Услав Марфутку за Епистимией, Симеон остался у стола и писал крупным, размашистым почерком своим разные незначительные ответные письма, пока в дверь не постучались и на окрик его "Можно!" вошла в кабинет высокая, худощавая, немолодая женщина -- как монашенка, в темных цветах платья, теплого серого платка, покрывавшего плечи, и косынки на гладко причесанной русоволосой голове. Женщина эта производила странное впечатление: точно в комнату вдвинулся высокий узкий шкаф или живой футляр от длинных стенных часов. Все в ней было как-то сжато, узко, стесненно, точно она несколько лет пролежала в виде закладки в толстой тяжелой книге. А то серебряные монеты, на рельсы положенные, расплющиваются поездом в такую длинную, вытянутую, тонкую, пронзительную полоску.

-- Спрашивали?-- произнесла она тихим голосом, держа опущенными богатые темные ресницы, единственную красоту своего пожилого, увядшего, бледного, с лезвиеподобным носом лица. Эта монашенская манера держать глаза свои скрытыми под ресницами и опущенными долу придавала испитым, тощим чертам женщины характер какой-то лживой иконописности.

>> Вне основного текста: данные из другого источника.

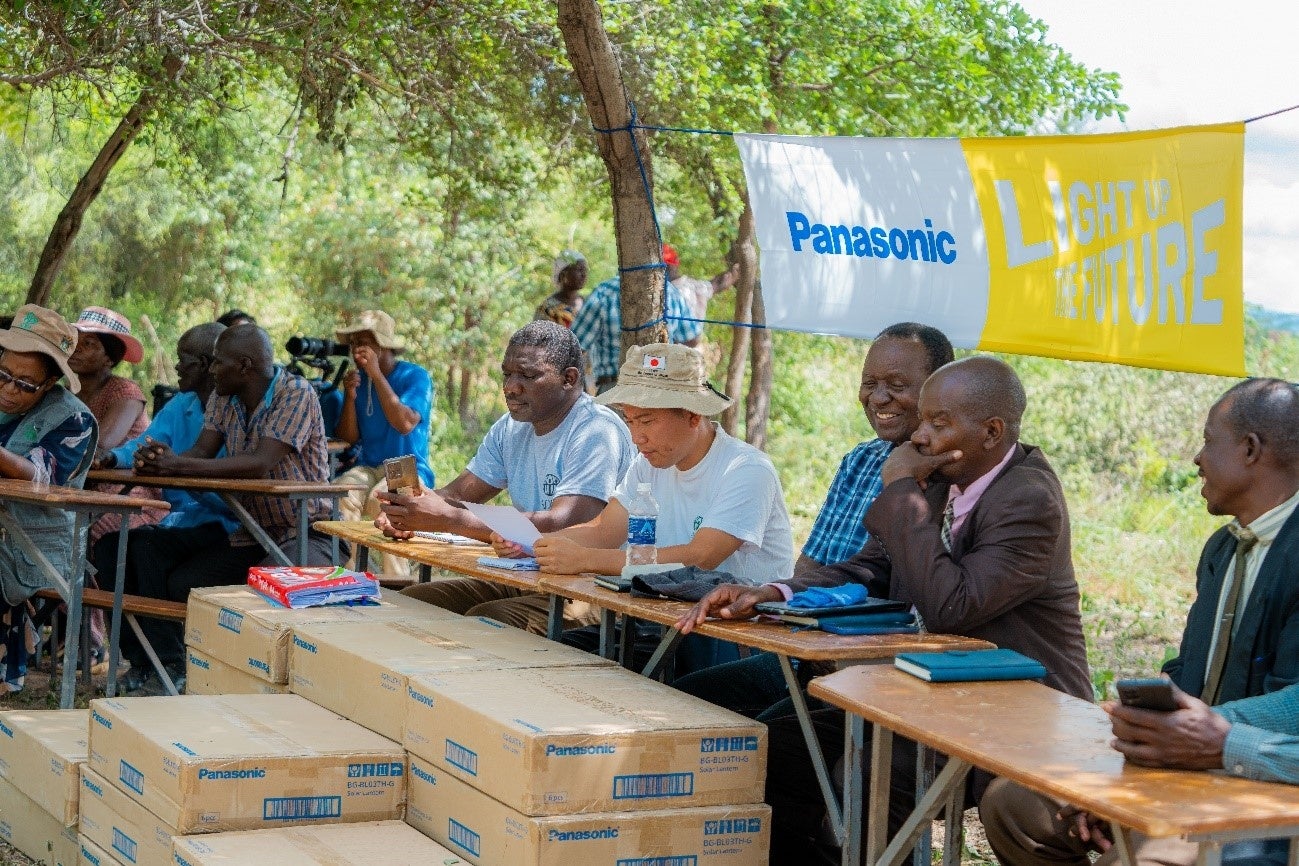 寄贈を受けたソーラーランタン（手前の箱）とADRA Japan現地駐在員 上田（中央）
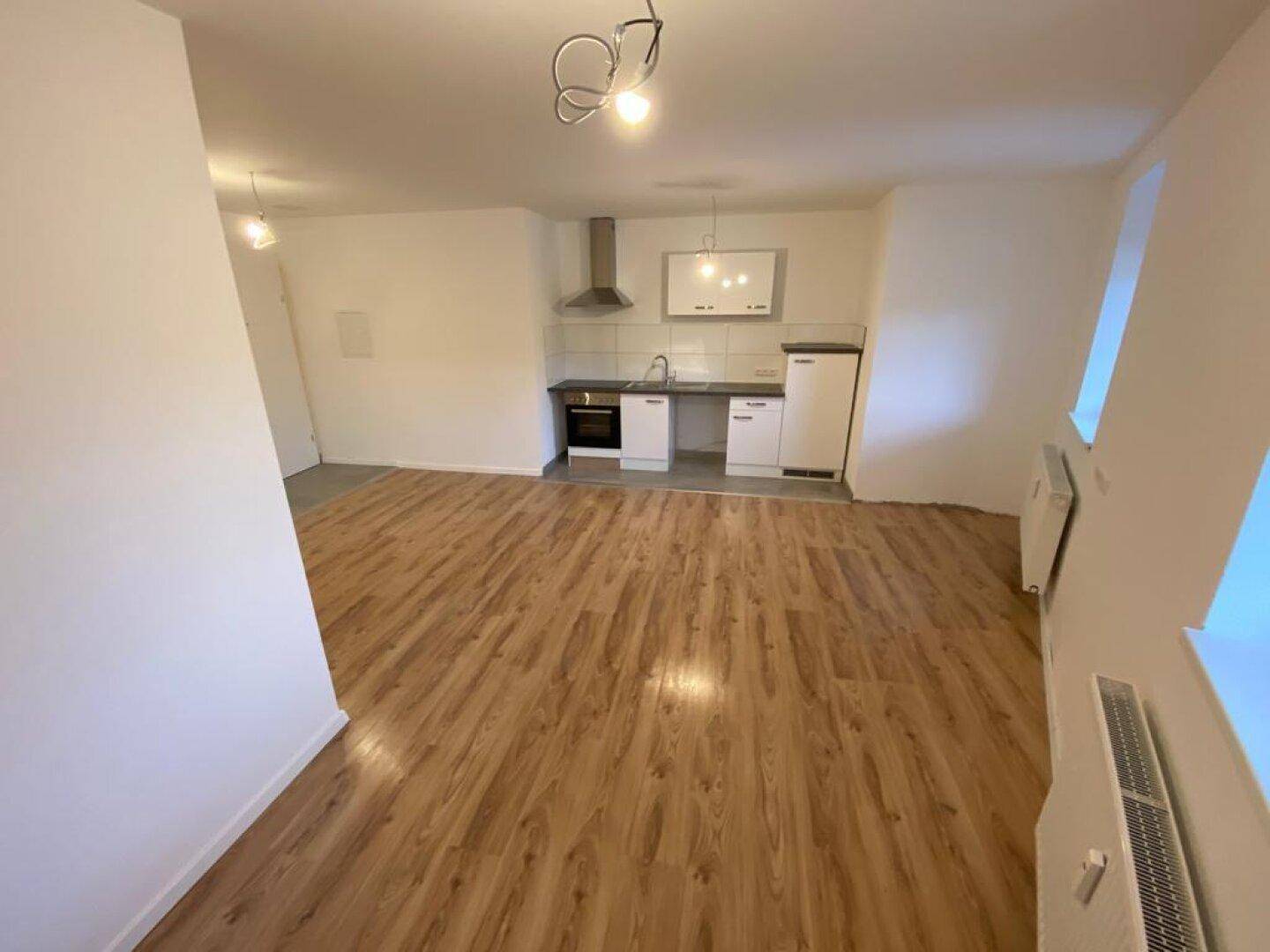 Heller Wohnraum mit Laminatboden und einer funktionalen Küchenzeile an der Wand, ideal für offenes Wohnen.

-- Да, -- хмуро отозвался, дописывая страницу, Симеон.-- Очень рад, что ты еще не ушла. Запри дверь, Епистимия, чтобы нам не помешали. И садись. Поближе. Вот сюда.

Епистимия весьма свободно заняла место в том самом кресле, в котором только что перед тем тонул горбатый Вендль, и ждала, сидя под темно-серым платком своим, прямо, тонко, точно ее перпендикулярным стальным шестом водрузили на плоскости кресла для опытов каких-нибудь и, чтобы не отсырел аппарат, окутали его материей. Симеон кончил письмо и вложил его в конверт... Епистимия видела, что он волнуется и не случайно, а нарочно избегает смотреть на нее. Легкая улыбка скользнула по ее синеватым, отжившим, в ниточку сжатым губам.